Realistic or not, Dwight Duncan seems to believe in magic but whether he is able to cast a spell on the public will be another matter.

Considering much of the public believes in magical thinking I'd say he's got a decent shot at convincing them he knows the right incantation.

Whatever we do I hope it turns out to be an incremental process. Jamming massive changes through quickly causes a lot of expense to businesses and a lot of pain to the people who don't have the resources to adjust.

Governments are large vehicles... we shouldn't drive them around like race cars. Economic theory doesn't seem to spend enough time examining the cost of rapid change.

When Dalton McGuinty was asked a direct question how he would cut spending in the last Ontario leader's debate, he responded by saying his government had hired 10,000 teachers. So there's at least one member of Ontario caucus who believes in magic.
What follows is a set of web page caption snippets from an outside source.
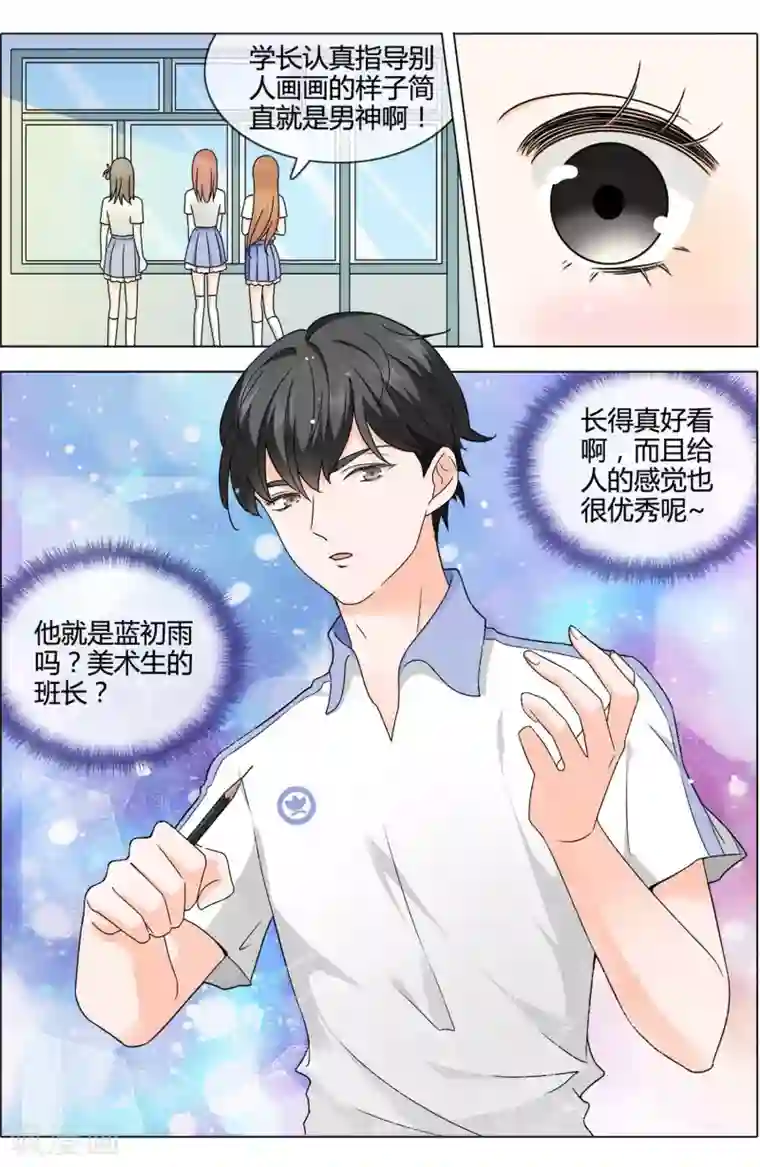 老汉粗大不带套第1话 初遇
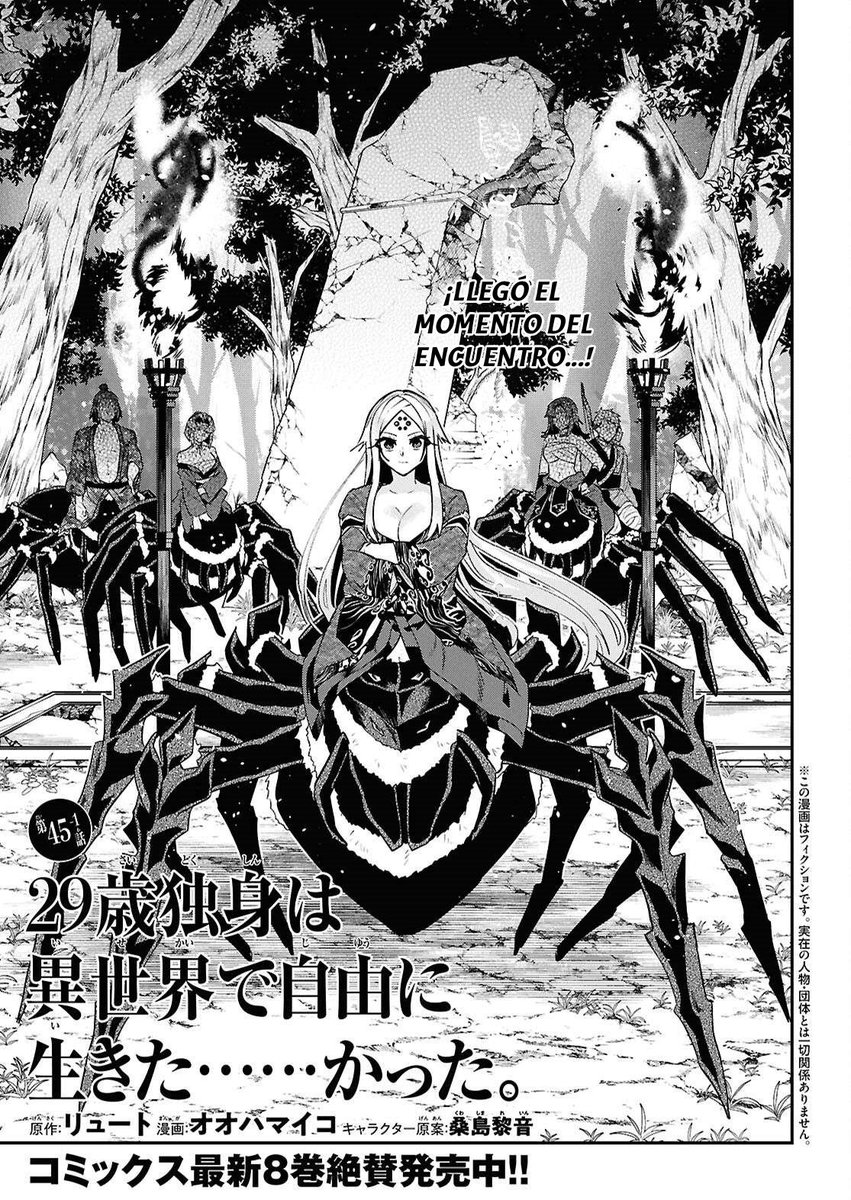 Otunovel's tweet photo. 29-sai Dokushin wa Isekai Capitulo 45.1:
Leer/Descargar: https://t.co/YM5cjKE9KS
MangaOni: https://t.co/DdQfgGloOr

#anime #manga #mangaespañol #mangaoni #isekai https://t.co/u5OmNJP5lX
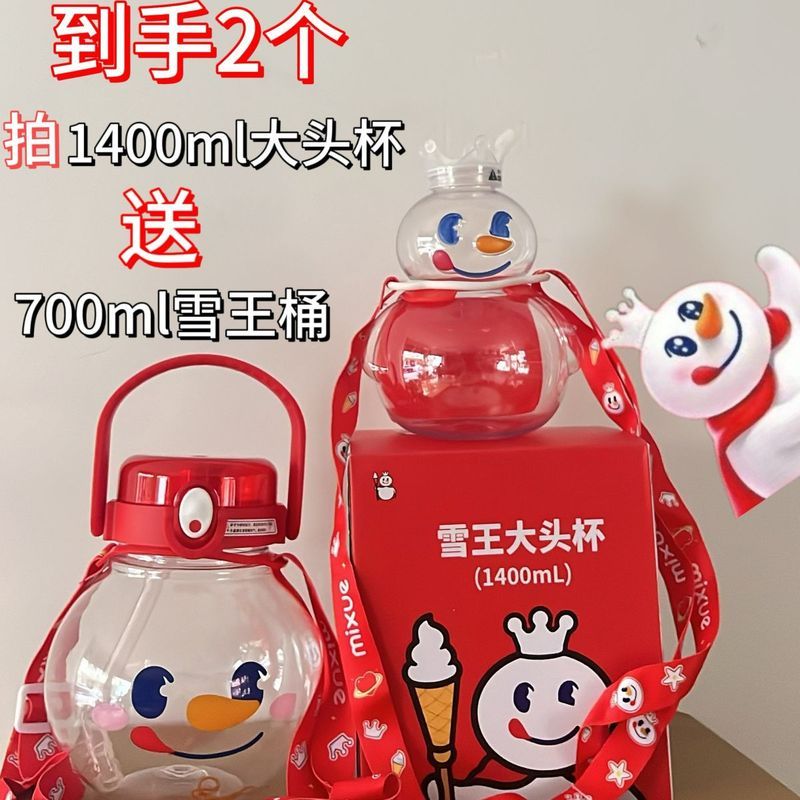 Mixue Ice City Dung Tích Lớn Vua Tuyết Tấn Thùng Pop-top Loại Đầu Lớn Cốc Di Động Đeo Ngang Trẻ Em Ố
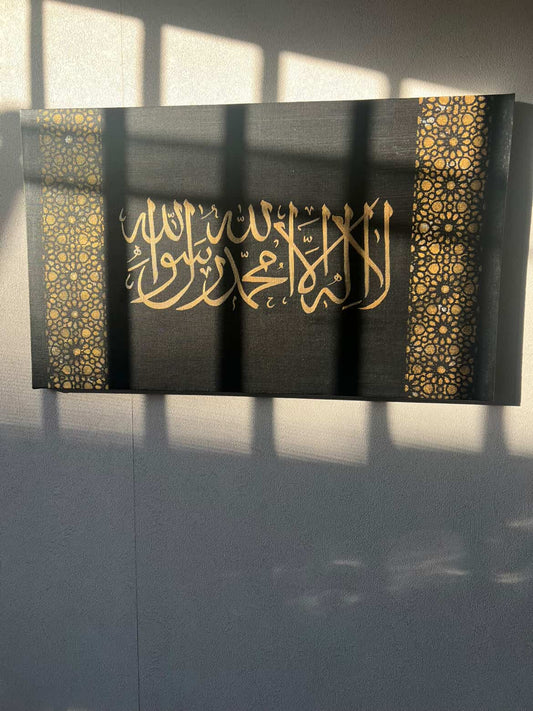 Kalimah Tayyib Calligraphy Artwork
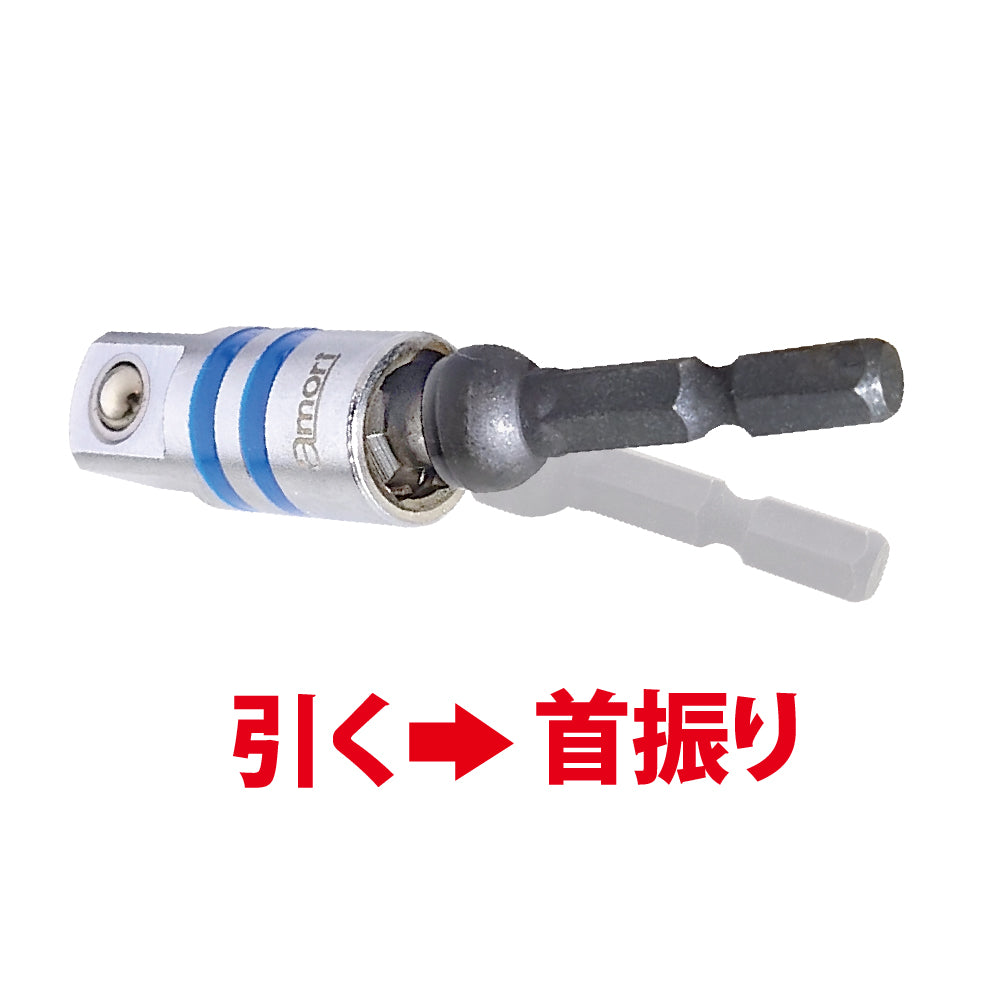 アモリ(Amori) ユニバーサルソケットアダプター　1/2”*72MM AUSA-4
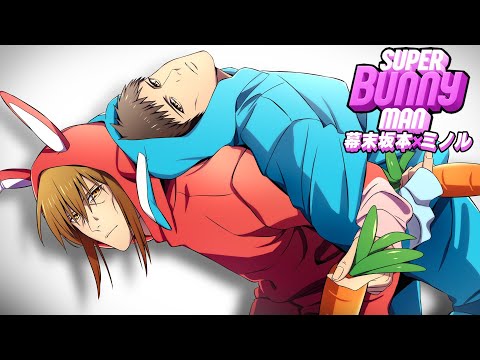 【一周年告知あり】幕末坂本×軍師ミノル⑦　スーパーバニーマン
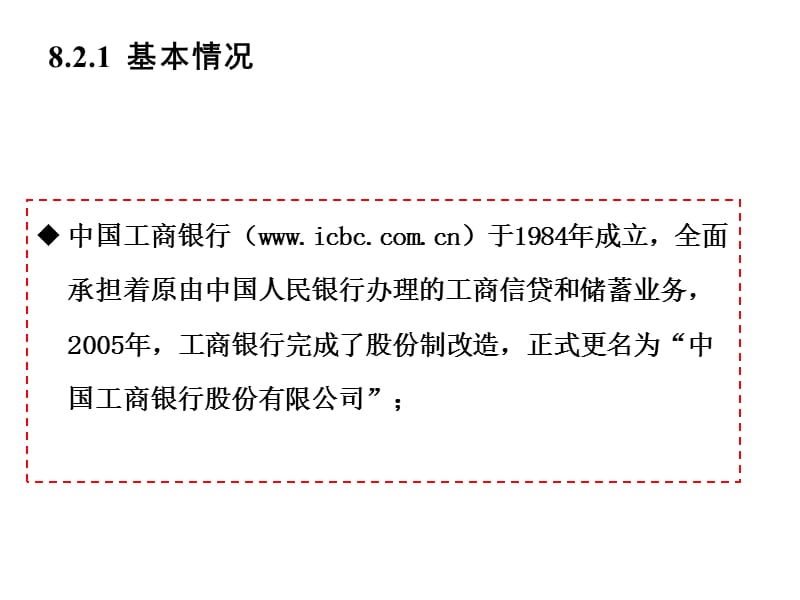 工商银行案例分析.ppt_第1页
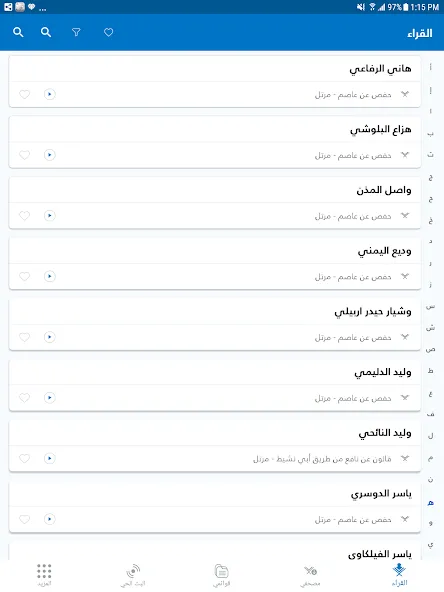 MP3 Quran القرآن الكريم screenshot 9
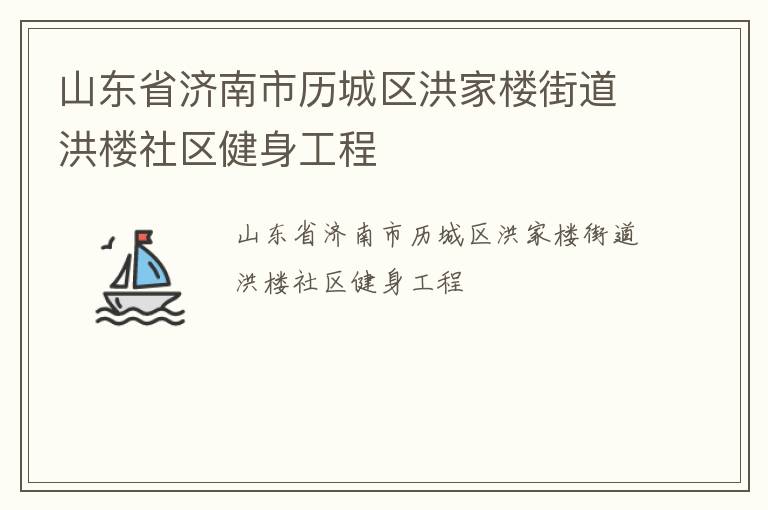 山東省濟南市歷城區洪家樓街道洪樓社區健身工程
I can understand why Dalton believes in magic, he can do whatever he wants and, in four years time, tada! no consequences for him. It's the magic of a premier who doesn't plan on running again.

It would be a bit more surprising if Dwight Duncan, who plans on being around in four years, believed in the same magic (because, surprise, surprise, it won't work for him).

C2: "Governments are large vehicles... we shouldn't drive them around like race cars."

Agreed (and I suspect most economists would agree with that proposition), but since the preferred response of all governments to new problems is to defer addressing them until they become serious and unavoidable, radical (and often, paingful) policy changes are inevitable. Moreover, given the 4 year electoral cycle, it makes political sense to implement change all at once, rather than dragging it out over 4 years,

While I believe raising the retirement age is inevitable, it's effect is limited in the case of the provincial government. It would affect the age of offering Ontario Drug Benefits, the universal seniors drug plan, but I believe we should have a universal drug plan for everybody (with taxes to pay for it). The costs of OAS fall on the Feds and CPP has direct payroll revenue access.

The retirement age of teachers and Ontario public servants could be raised but I'm not sure if this is really a savings given the number of people wanting into the vacated positions.

This discussion seems premature, as no budget has been unveiled or policy announcement made.